Rutherford, Leggette and AGCJ Academic Advisor Tobin Redwine attended the conference to represent the ALEC department and to share their research.
Rutherford received the Teacher Fellow Award at this year’s conference. This award was created to recognize individuals whose efforts represent the very best in agricultural higher education. Rutherford’s work in the classroom is recognized by her students and coworkers. “This award acknowledges teachers who are innovative and engaging that students relate to and I think that describes Dr. Rutherford,” says Redwine.
Leggette was presented with the Graduate Student Teaching Award. This award distinguishes graduate students in agriculture who excel as teachers. Leggette notes that her success as a teacher stems from positive experiences she has had with her own teachers. “I’ve had some great high school teachers, college professors and it’s just an opportunity for me to give back. At the end of the day, it’s not about the awards that you win, it’s about the lives that you impact,” says Leggette.

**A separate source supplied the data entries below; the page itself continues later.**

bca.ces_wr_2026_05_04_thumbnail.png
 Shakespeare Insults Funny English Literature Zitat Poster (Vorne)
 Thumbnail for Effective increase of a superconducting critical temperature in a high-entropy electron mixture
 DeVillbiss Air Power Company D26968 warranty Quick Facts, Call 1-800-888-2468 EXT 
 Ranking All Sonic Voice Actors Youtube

In addition to being recognized, the group also shared research and networked with other agriculture teachers and students from around the country.
Rutherford presented research on Second Life, a three dimensional virtual world that is an emerging online teaching environment. Leggette shared research on incorporating social media and virtual worlds into education, and Redwine shared research on using a press conference simulation as a teaching tool. Each study had multiple contributors and researchers, from the ALEC department and other institutions.
After attending the conference professionals are able to see new trends in teaching agriculture that have to do with technology and keeping an emphasis on students. Conference attendees looked at ways to better incorporate technology into the classroom and non-formal settings.
“NACTA is unique because we all have a common goal there, we all want to be better teachers. We are able to talk about our students and what we can do to make our students education better. NACTA helps us take a stance on the importance of teaching.” Leggette said.
NACTA’s mission is to provide all teachers of agriculture with a forum for discussion of questions and issues relating to professional advancement of agricultural instruction, as well as to encourage, promote, and reward instructional excellence in agriculture and the research supporting this instruction.